• Sonuç bulunamadı

Seçim Sonuçları ve Halk Tarafından Seçilen İlk Cumhurbaşkanı:

Türkiye’nin 12. Cumhurbaşkanının seçimi için halk tarafından ilk kez oylanan seçim sonuçlarına göre kayıtlı 55.719.707 seçmenden 41.283.627’si, %74’ü, oy kullanmıştır. Erdoğan bu oyların % 51,79’unu alarak Cumhurbaşkanı seçilmiştir. MHP ve CHP’nin çatı adayı İhsanoğlu ise oyların % 38,44’ünü, HDP’nin adayı Demirtaş ise oyların % 9,76’sını alarak seçimi tamamlamışlardır. Seçim sonuçları iller bazında değerlendirildiğinde 81 ilden 54’ünde Erdoğan, 16'sında İhsanoğlu ve 11'inde

de Demirtaş seçimi birinci sırada bitirmiştir.
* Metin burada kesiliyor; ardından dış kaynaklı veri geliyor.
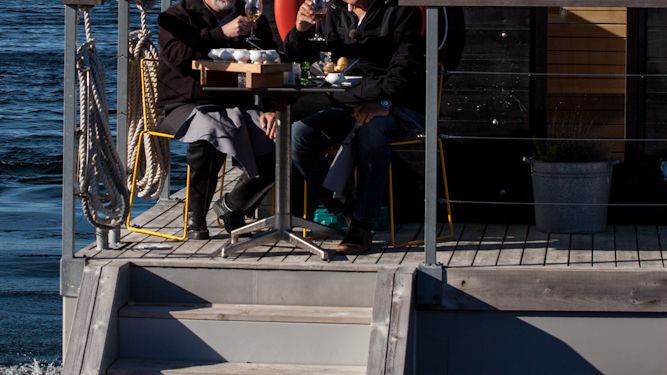 Björn Hellberg & Ingvar Oldsberg utanför hotell Salt & Sill på Klädesholmen
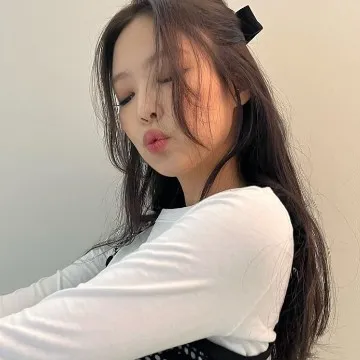 creator Ava_kpop lover's avatar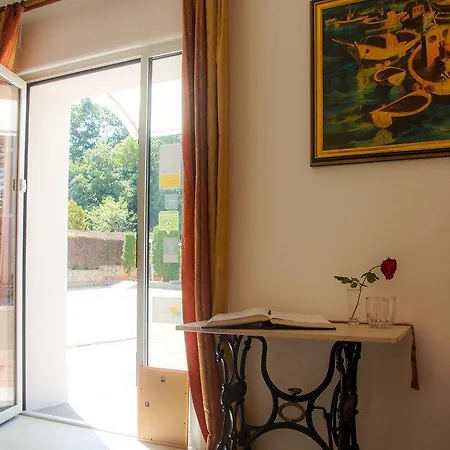 Umag Apartments *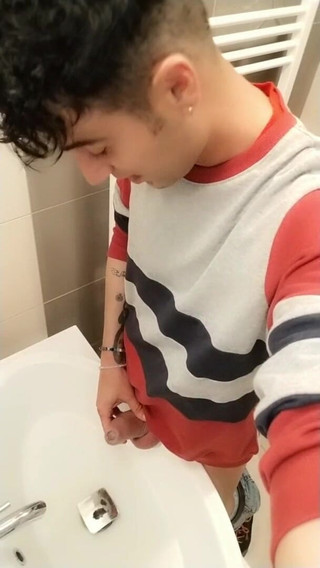 Idmir Sugary: Lazy to Go to the Toilet, so I Piss to...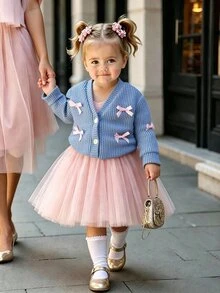 SHEIN Vintaside Kids 女嬰 V 領蝴蝶結純色長袖針織開襟衫，春秋外套，秋冬款，嬰兒藍，可愛日系風 - 寶藍色 - 查看 4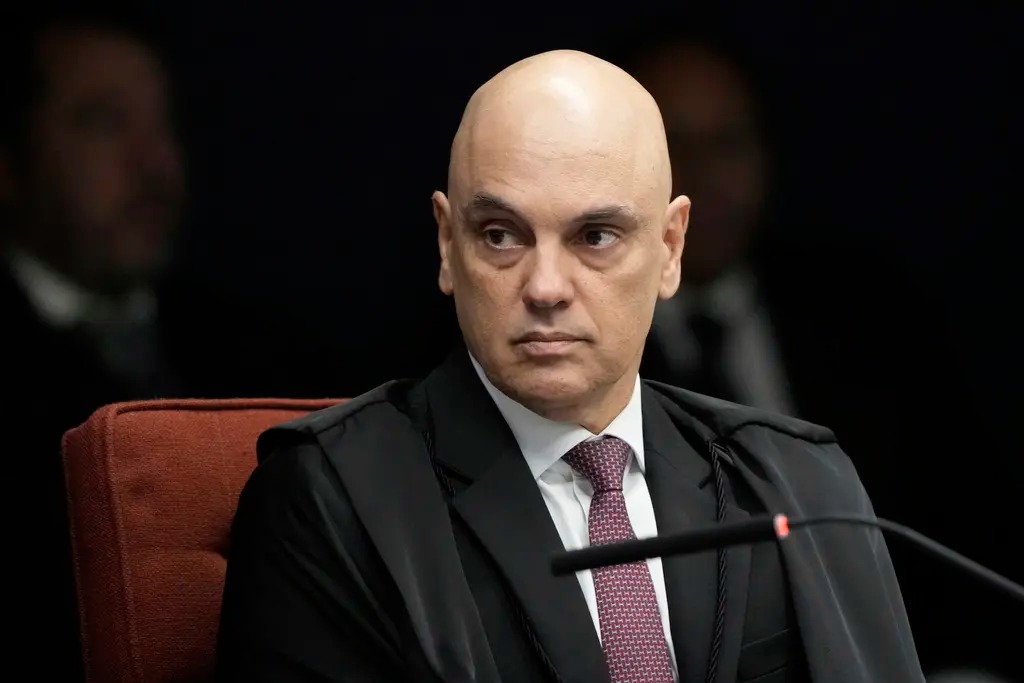 Alexandre de Moraes lidera condena histórica a&nbsp;Bolsonaro
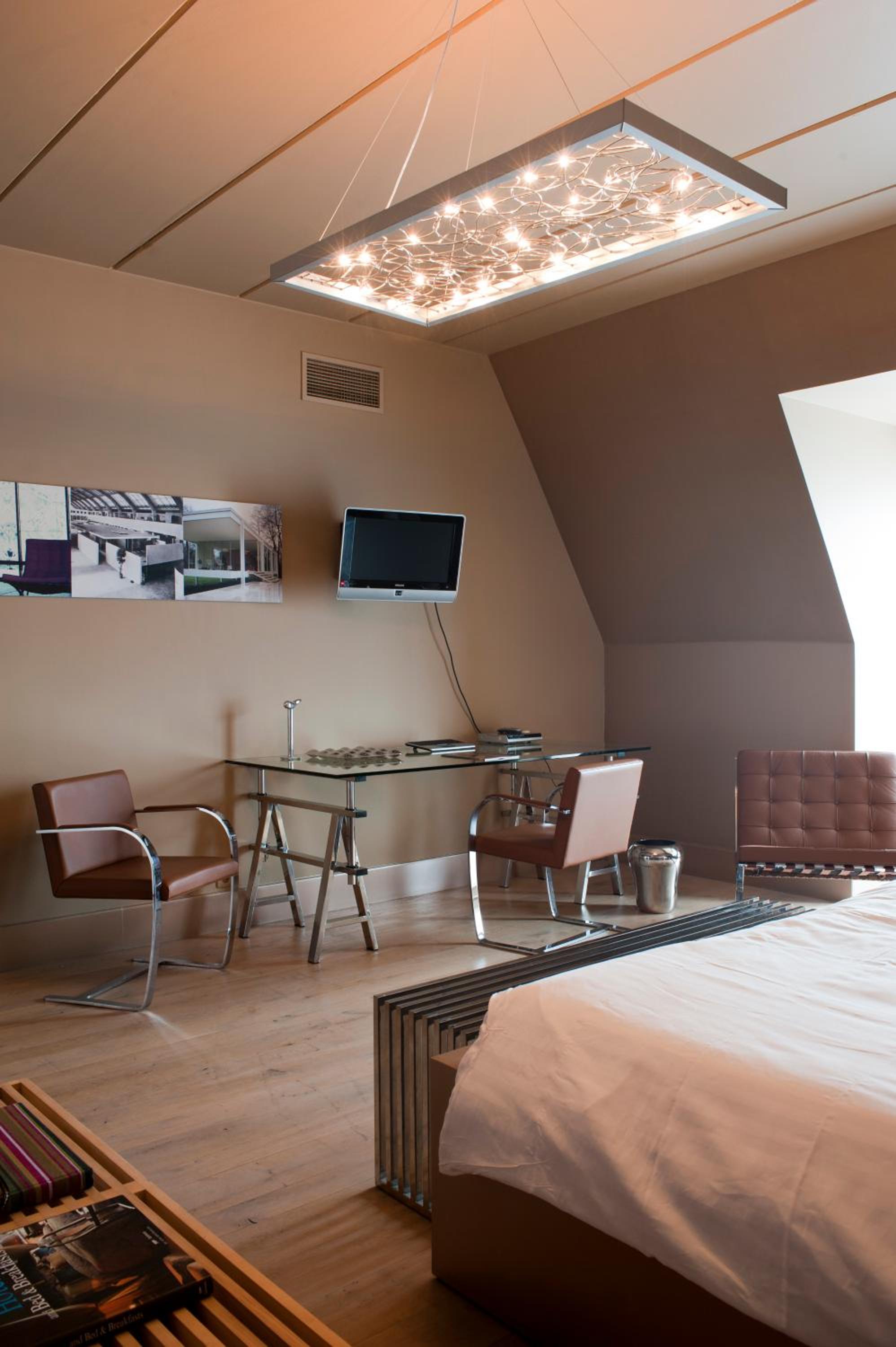 Design Superior Deluxe Room (2)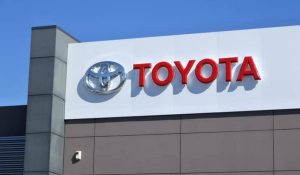 Toyota की बिक्री में 22% का उछाल, मई में 30,864 यूनिट्स से बनाया रिकॉर्ड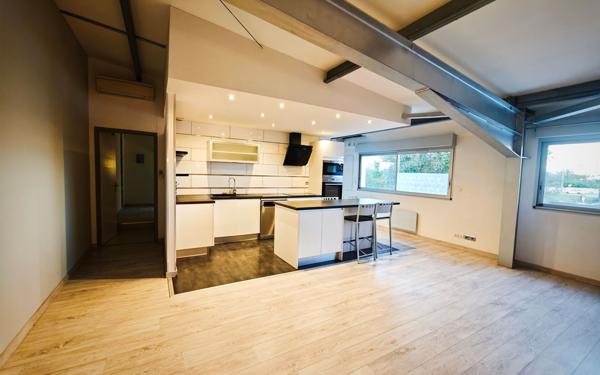 Appartement à vendre    3 pièces • 79 m2 La Salvetat-Saint-Gilles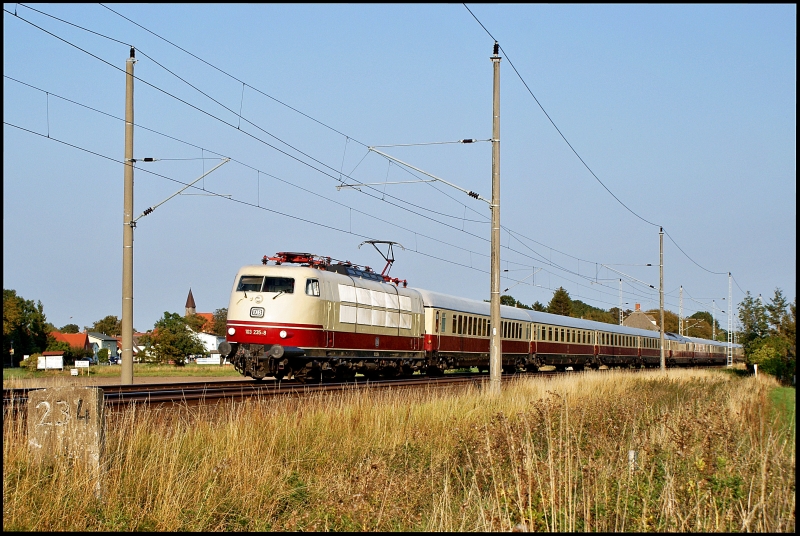 103 235-8 durchfhrt mit Lr 91312 Binz-Stralsund am 20.09.2009 Rambin.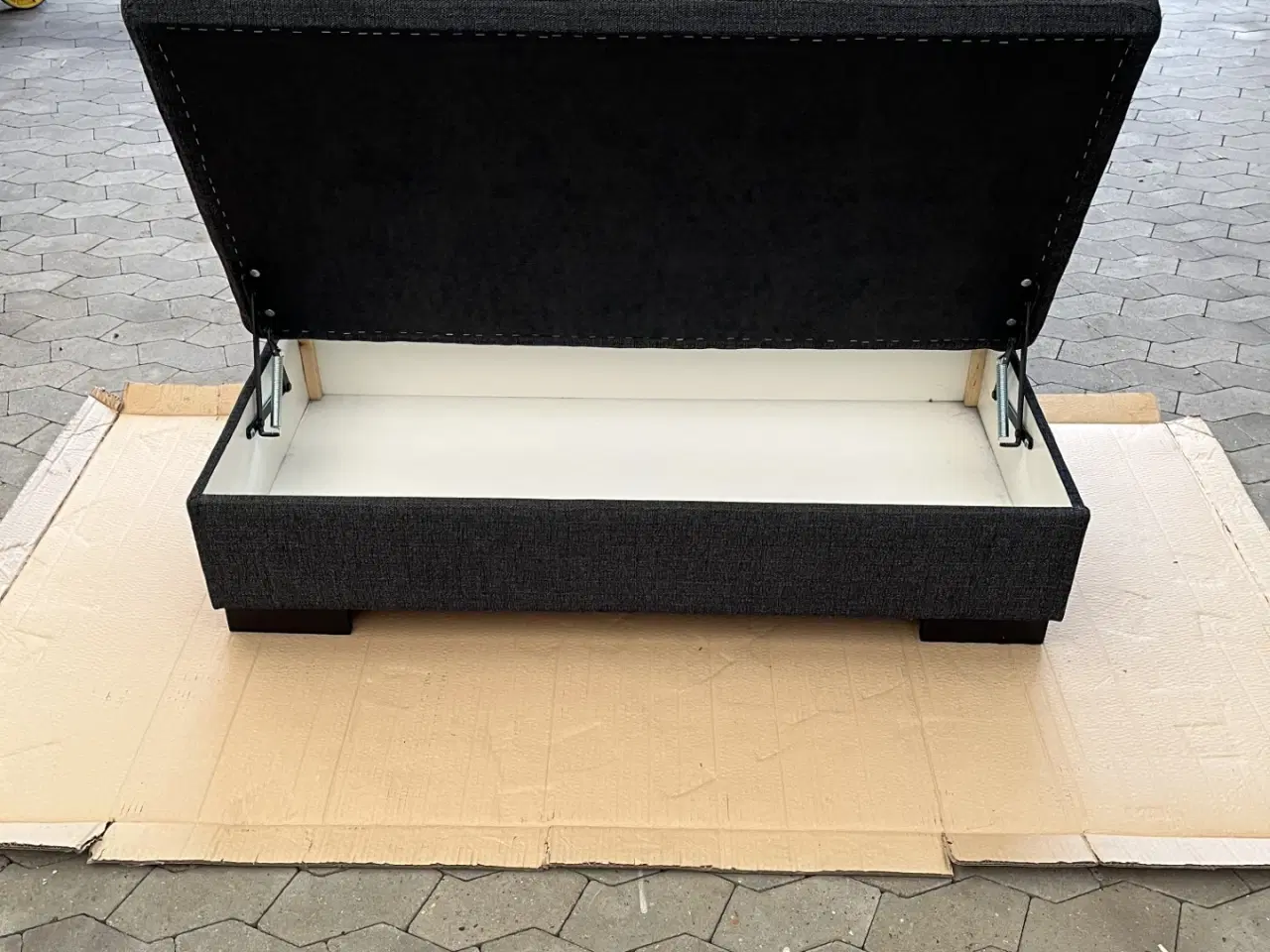 Billede 2 - lille seng/sofa med magasin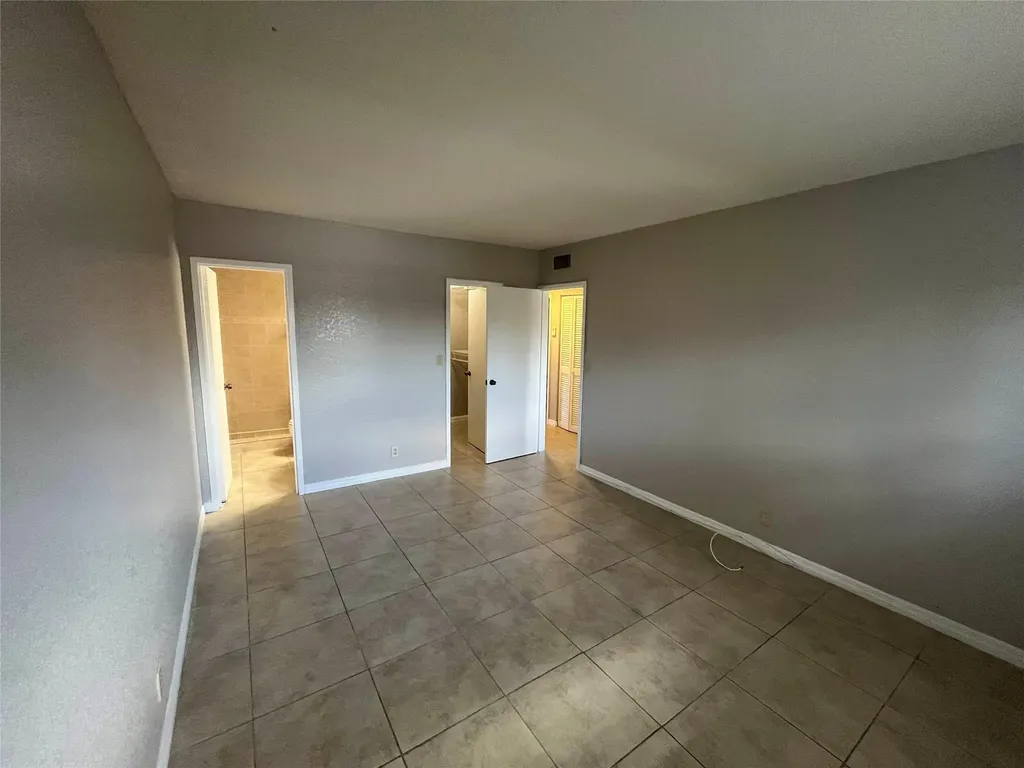 2020 NE 56th Street Fort Lauderdale FL 33308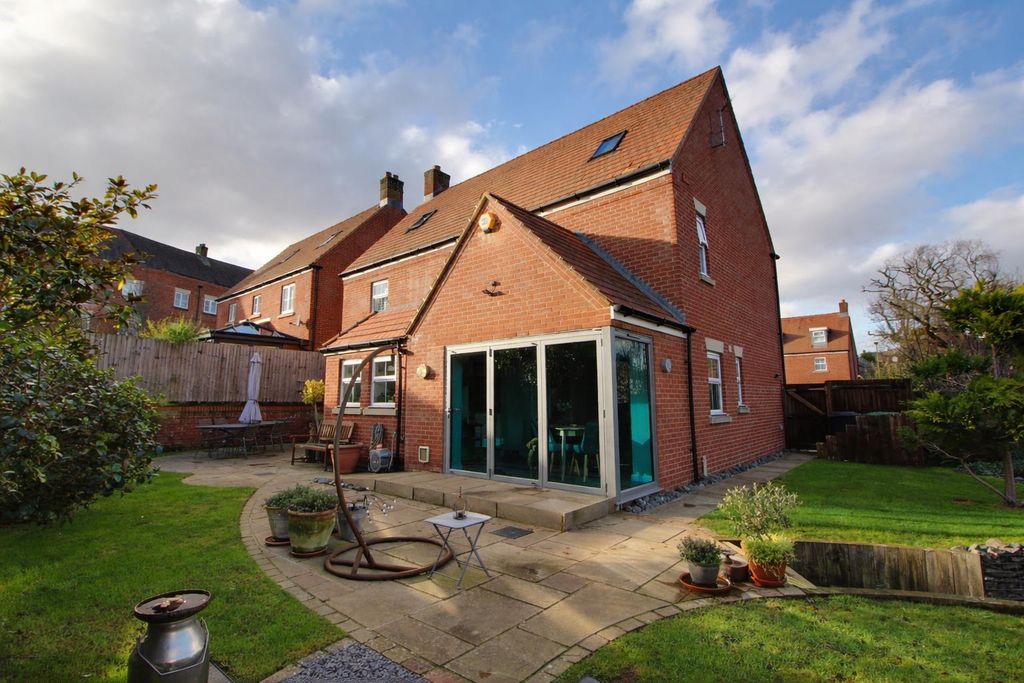 Property photo 2 of 23 Rear Garden Shot.Png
Erdoğan, Rize’de % 80,57 oy oranı ile; İhsanoğlu Kırklarelide % 67,94 oy oranı ile ve Demirtaş ise Şırnak’ta % 83,17 oranı ile en yüksek rakamlara ulaşmıştır. İlçe bazında bakıldığında ise 970 ilçeden 663'ünde Erdoğan, 230'unda İhsanoğlu ve 77'sinde Demirtaş seçimi birinci sırada bitirmiştir (YSK, 2014).

Seçim sonuçlarının açıklanmasını takiben 28 Ağustos 2014 tarihinde Erdoğan Türkiye’nin 12. Cumhurbaşkanı olarak makamın yeni sahibi olmuştur. Uzun yıllar siyaset sahnesinde olan ve başbakanlık görevini başarılı bir şekilde yürüten Erdoğan, bundan sonra ise Cumhurbaşkanlığı makamını temsil etmiştir (Selvi, 2014a).

Seçim sonuçlarının ardından yaptığı ilk açıklamada, “Bugün bu seçimi kazanan sadece Recep Tayyip Erdoğan değildir. Bugün milli irade bir kez daha kazanmıştır. Bugün şahsıma oy verenler kadar, şahsıma oy vermeyenlerde sevenlerimiz kadar sevmeyenlerimiz de kazanmıştır” ifadeleri ile tüm Türkiye’yi kucaklayacağını bir kez daha ortaya koymuştur (BBC, 11 Ağustos 2014). Cumhurbaşkanlığı seçilmesi ile “Eski Türkiye” dönemin kapandığını; “Yeni Türkiye” döneminin açıldığını açık bir dille ifade etmiştir. Erdoğan, Cumhurbaşkanlığı yemini ettikten sonra zorlu bir görevi daha üstlenerek Türkiye’de yeni bir dönemin başlangıcını temsil eden en önemli isim olmuştur.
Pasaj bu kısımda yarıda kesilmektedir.